§ Task
Output nothing but the lines from the first line of the entries to the line with "Propriété d'exception au", inclusive, exactly as they read.

§ Supplied data
|---|
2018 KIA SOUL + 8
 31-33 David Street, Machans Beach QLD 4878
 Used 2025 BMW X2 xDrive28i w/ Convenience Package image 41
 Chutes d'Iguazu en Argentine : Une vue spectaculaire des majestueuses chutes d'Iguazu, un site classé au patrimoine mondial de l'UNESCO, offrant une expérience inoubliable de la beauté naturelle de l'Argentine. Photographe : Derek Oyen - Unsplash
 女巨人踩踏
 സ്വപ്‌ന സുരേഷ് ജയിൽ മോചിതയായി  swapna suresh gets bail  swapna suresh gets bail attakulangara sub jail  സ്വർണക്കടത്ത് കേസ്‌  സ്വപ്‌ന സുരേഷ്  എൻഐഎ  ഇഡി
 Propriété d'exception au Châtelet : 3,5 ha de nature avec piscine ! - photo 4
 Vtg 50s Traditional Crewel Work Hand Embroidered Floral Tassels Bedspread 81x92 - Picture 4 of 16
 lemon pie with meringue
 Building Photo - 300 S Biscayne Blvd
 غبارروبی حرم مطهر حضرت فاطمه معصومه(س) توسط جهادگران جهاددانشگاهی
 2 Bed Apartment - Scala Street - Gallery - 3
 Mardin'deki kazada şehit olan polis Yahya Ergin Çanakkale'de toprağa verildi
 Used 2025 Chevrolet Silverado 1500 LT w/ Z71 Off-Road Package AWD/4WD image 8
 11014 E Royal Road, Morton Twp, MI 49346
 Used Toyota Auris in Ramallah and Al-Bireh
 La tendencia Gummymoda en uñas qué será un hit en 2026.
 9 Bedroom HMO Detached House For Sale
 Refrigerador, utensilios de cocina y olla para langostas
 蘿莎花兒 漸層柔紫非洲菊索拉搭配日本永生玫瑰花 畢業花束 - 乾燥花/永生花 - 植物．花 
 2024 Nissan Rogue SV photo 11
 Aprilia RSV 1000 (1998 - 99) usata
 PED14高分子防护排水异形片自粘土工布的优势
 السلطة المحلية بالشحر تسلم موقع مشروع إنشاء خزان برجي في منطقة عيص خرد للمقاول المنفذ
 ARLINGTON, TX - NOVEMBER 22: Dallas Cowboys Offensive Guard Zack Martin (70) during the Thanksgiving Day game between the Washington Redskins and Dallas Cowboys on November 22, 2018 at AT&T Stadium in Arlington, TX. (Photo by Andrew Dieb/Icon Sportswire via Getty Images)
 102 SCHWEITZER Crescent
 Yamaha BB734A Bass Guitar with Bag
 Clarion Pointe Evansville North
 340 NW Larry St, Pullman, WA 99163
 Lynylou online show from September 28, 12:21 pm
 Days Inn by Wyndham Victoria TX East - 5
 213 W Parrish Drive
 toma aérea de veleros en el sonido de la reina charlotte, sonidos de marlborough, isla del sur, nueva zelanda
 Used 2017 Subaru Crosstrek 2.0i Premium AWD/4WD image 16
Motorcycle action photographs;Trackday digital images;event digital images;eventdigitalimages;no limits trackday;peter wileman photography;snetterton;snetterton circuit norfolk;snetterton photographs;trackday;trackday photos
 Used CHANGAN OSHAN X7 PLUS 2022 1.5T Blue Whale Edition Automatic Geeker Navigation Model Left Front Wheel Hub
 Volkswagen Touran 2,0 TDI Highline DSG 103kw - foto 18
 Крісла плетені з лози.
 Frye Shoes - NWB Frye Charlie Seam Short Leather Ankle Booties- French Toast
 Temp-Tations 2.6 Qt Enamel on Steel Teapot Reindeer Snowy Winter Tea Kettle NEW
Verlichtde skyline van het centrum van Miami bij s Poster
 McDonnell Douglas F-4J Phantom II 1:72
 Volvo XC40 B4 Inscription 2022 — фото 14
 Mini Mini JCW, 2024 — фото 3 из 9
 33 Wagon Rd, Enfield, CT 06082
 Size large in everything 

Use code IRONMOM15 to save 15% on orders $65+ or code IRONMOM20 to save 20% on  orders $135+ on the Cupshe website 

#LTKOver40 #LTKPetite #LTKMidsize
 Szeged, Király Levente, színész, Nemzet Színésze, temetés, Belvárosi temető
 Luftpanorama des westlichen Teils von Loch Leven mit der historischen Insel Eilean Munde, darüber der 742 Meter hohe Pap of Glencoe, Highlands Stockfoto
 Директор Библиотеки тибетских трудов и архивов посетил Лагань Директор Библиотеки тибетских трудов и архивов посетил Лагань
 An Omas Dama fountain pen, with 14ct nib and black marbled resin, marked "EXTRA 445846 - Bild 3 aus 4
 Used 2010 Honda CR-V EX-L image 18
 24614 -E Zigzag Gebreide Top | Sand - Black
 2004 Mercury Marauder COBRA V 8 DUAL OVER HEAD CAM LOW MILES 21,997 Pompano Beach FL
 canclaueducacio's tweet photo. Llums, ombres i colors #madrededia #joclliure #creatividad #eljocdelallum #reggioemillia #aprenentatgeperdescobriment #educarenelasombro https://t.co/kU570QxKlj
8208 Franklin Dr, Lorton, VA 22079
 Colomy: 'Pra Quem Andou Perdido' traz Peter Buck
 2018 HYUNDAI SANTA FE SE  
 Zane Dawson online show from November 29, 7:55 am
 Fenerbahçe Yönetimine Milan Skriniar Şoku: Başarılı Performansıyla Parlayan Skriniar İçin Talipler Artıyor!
|---|
§ Final answer
2018 KIA SOUL + 8
 31-33 David Street, Machans Beach QLD 4878
 Used 2025 BMW X2 xDrive28i w/ Convenience Package image 41
 Chutes d'Iguazu en Argentine : Une vue spectaculaire des majestueuses chutes d'Iguazu, un site classé au patrimoine mondial de l'UNESCO, offrant une expérience inoubliable de la beauté naturelle de l'Argentine. Photographe : Derek Oyen - Unsplash
 女巨人踩踏
 സ്വപ്‌ന സുരേഷ് ജയിൽ മോചിതയായി  swapna suresh gets bail  swapna suresh gets bail attakulangara sub jail  സ്വർണക്കടത്ത് കേസ്‌  സ്വപ്‌ന സുരേഷ്  എൻഐഎ  ഇഡി
 Propriété d'exception au Châtelet : 3,5 ha de nature avec piscine ! - photo 4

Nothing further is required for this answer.